### Task inputs

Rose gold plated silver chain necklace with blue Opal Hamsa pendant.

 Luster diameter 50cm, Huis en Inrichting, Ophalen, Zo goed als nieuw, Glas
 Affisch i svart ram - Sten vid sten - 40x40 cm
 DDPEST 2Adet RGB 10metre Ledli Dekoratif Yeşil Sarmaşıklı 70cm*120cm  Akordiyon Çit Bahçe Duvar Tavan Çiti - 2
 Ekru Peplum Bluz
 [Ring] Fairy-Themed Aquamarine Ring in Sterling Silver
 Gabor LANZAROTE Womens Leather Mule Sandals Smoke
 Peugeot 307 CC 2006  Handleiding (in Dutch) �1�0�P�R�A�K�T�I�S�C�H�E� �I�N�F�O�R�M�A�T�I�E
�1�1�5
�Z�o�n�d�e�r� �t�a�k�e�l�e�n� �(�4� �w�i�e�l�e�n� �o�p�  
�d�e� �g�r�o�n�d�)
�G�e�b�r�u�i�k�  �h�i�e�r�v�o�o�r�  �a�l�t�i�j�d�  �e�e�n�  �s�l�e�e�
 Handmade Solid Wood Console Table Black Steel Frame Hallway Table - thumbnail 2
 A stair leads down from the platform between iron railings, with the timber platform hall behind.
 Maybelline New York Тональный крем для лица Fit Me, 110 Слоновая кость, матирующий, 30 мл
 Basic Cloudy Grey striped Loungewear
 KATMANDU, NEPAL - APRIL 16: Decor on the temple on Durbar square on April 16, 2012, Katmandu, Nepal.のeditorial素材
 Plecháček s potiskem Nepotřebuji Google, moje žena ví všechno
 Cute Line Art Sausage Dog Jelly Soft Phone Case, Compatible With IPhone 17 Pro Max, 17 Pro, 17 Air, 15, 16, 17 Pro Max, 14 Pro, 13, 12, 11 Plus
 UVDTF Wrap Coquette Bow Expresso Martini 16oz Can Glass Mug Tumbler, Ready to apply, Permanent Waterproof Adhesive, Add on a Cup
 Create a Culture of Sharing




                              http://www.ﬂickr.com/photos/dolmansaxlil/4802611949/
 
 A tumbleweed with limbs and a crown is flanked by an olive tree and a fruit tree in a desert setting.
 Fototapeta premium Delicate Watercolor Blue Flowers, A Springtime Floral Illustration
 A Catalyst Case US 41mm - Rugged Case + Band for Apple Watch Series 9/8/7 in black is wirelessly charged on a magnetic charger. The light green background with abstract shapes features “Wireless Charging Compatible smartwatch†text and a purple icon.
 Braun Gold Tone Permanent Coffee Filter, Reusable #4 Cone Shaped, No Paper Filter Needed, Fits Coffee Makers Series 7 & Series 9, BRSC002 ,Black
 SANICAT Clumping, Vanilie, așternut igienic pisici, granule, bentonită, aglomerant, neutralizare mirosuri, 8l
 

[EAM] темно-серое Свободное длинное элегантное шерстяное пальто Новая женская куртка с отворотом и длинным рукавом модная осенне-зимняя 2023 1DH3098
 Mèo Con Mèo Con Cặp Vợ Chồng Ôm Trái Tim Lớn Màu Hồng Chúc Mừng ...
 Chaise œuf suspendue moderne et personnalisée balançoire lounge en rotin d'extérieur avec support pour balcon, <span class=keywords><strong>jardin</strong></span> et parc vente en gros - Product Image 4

### Action item
For each line in the data that holds "Permanent", add one to a count, then report that count alone.

### Answer section
2